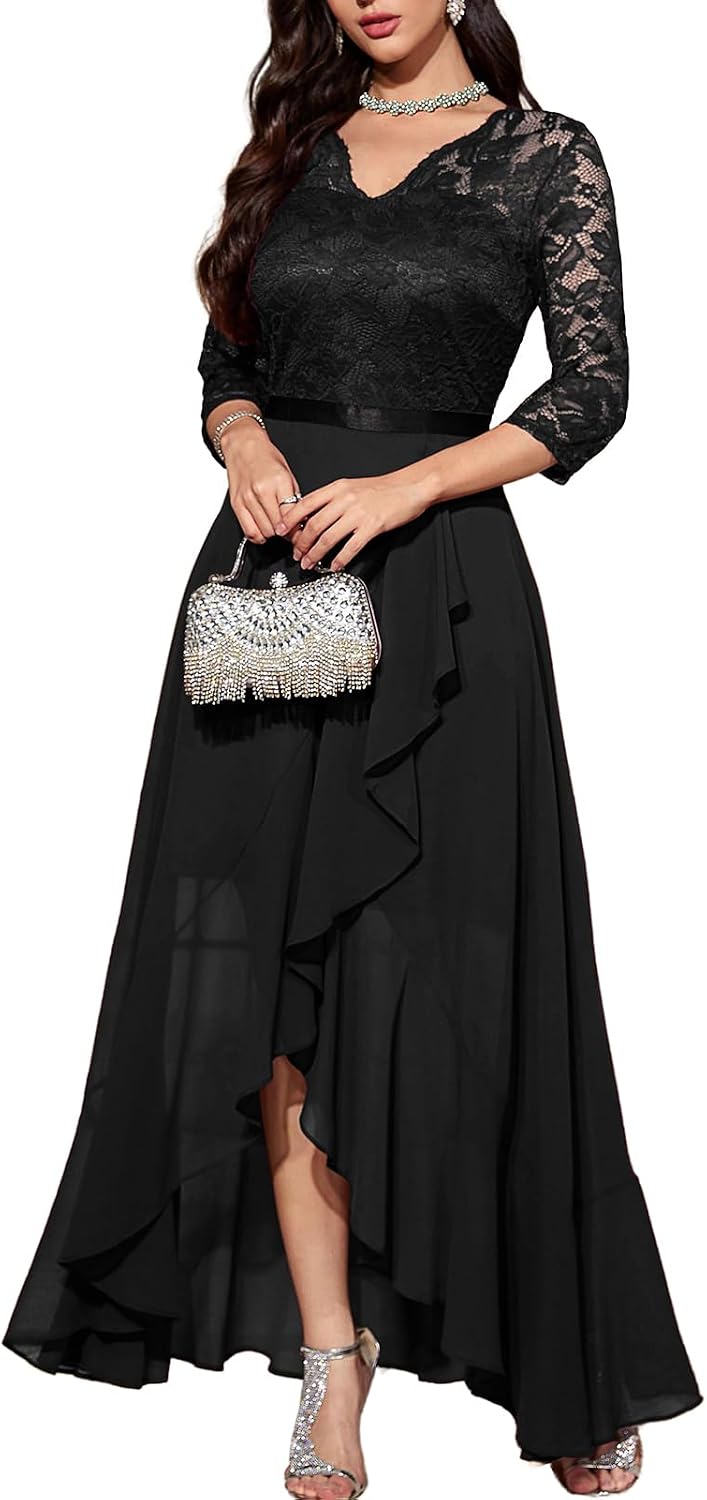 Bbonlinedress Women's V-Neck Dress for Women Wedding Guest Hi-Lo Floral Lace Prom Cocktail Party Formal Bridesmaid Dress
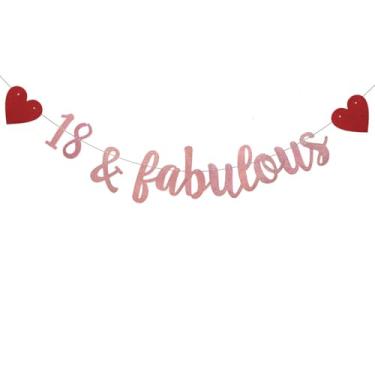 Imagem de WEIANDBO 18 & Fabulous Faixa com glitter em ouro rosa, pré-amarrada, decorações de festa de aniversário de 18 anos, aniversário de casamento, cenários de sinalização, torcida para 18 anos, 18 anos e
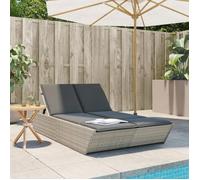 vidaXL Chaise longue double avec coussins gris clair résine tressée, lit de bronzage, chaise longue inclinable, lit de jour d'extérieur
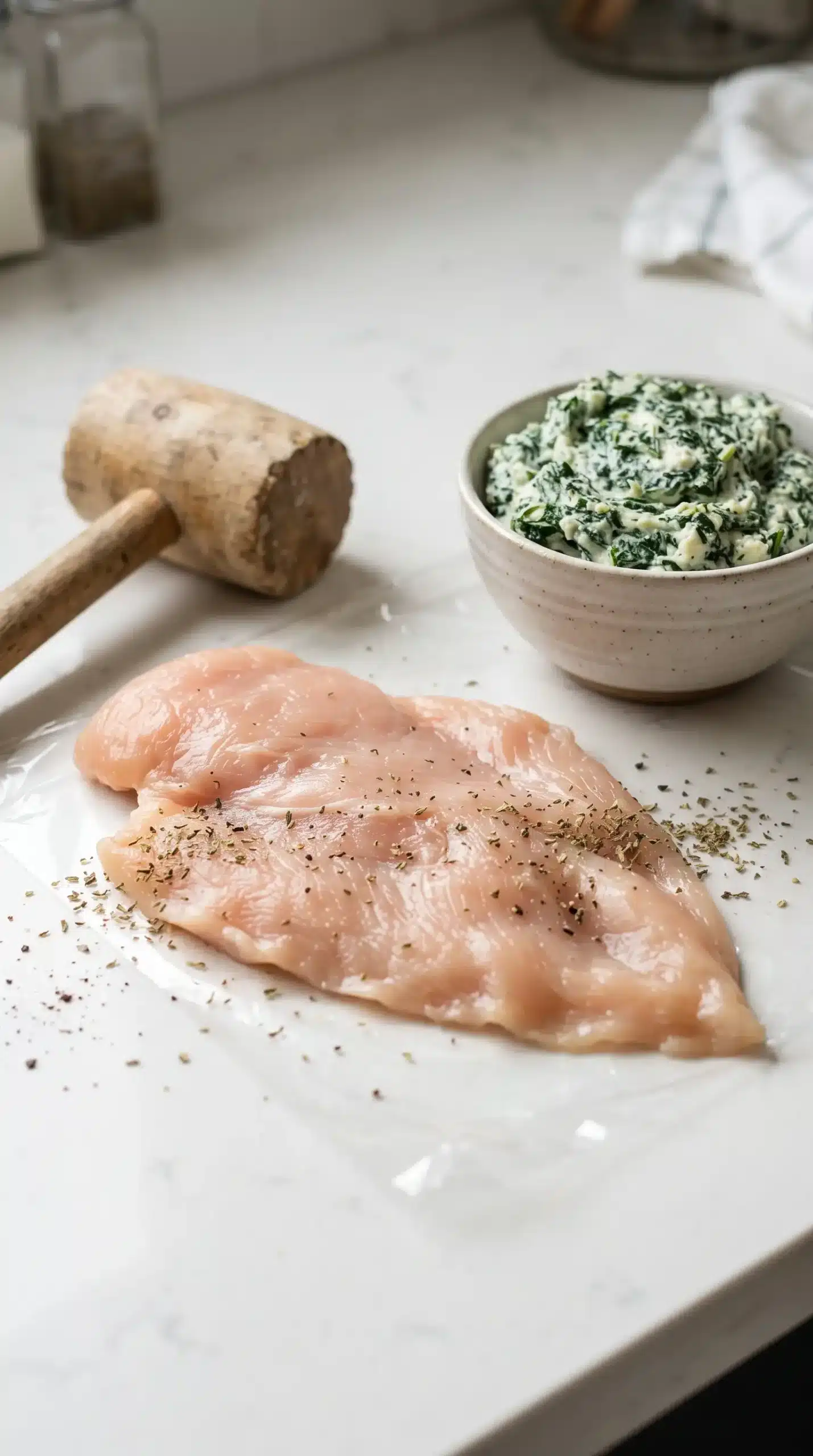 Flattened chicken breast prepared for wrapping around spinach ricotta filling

* * *

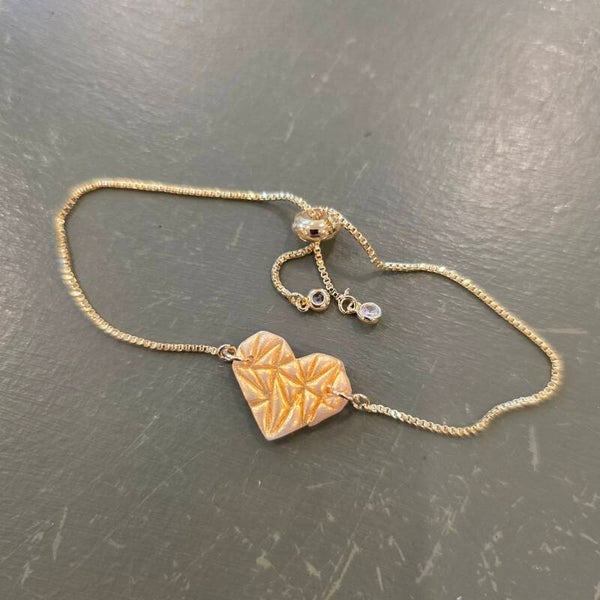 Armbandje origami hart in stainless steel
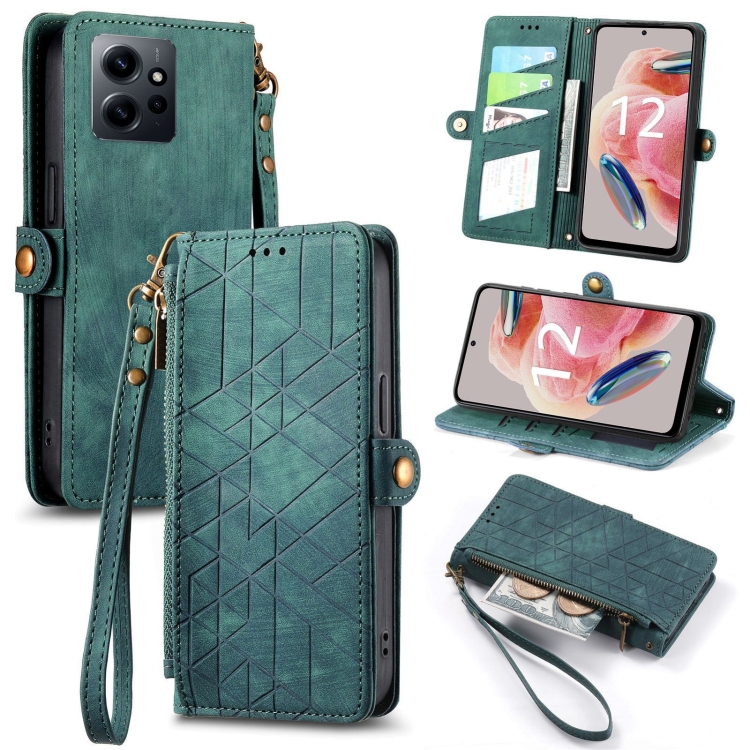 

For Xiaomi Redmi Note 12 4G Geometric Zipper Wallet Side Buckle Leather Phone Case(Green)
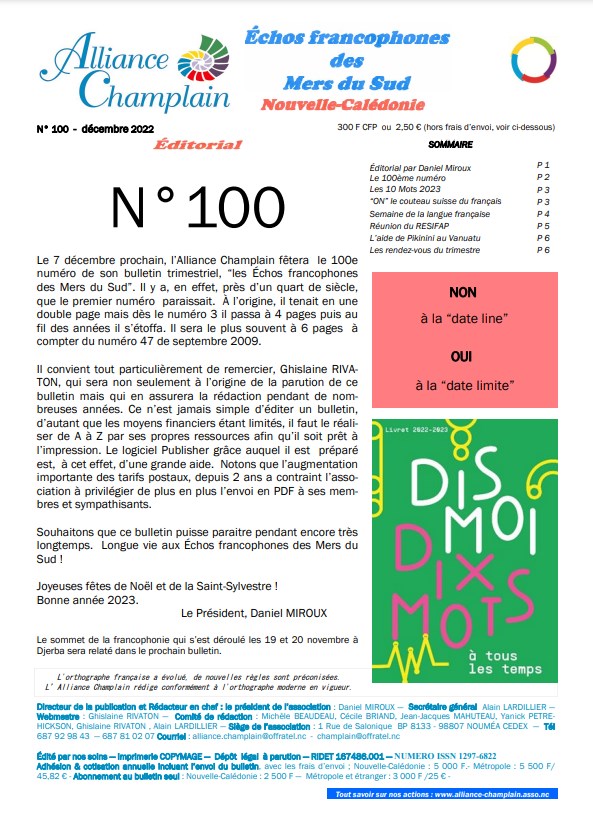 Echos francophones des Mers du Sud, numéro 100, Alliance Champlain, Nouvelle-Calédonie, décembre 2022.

• TASK BRIEF:
Word for word, write out the lines above running from the one with "Armbandje origami hart in stainless steel" up to and including the one with "Echos francophones des". Drop any picture.

• ANSWER BOX:
 Armbandje origami hart in stainless steel

For Xiaomi Redmi Note 12 4G Geometric Zipper Wallet Side Buckle Leather Phone Case(Green)
 Echos francophones des Mers du Sud, numéro 100, Alliance Champlain, Nouvelle-Calédonie, décembre 2022.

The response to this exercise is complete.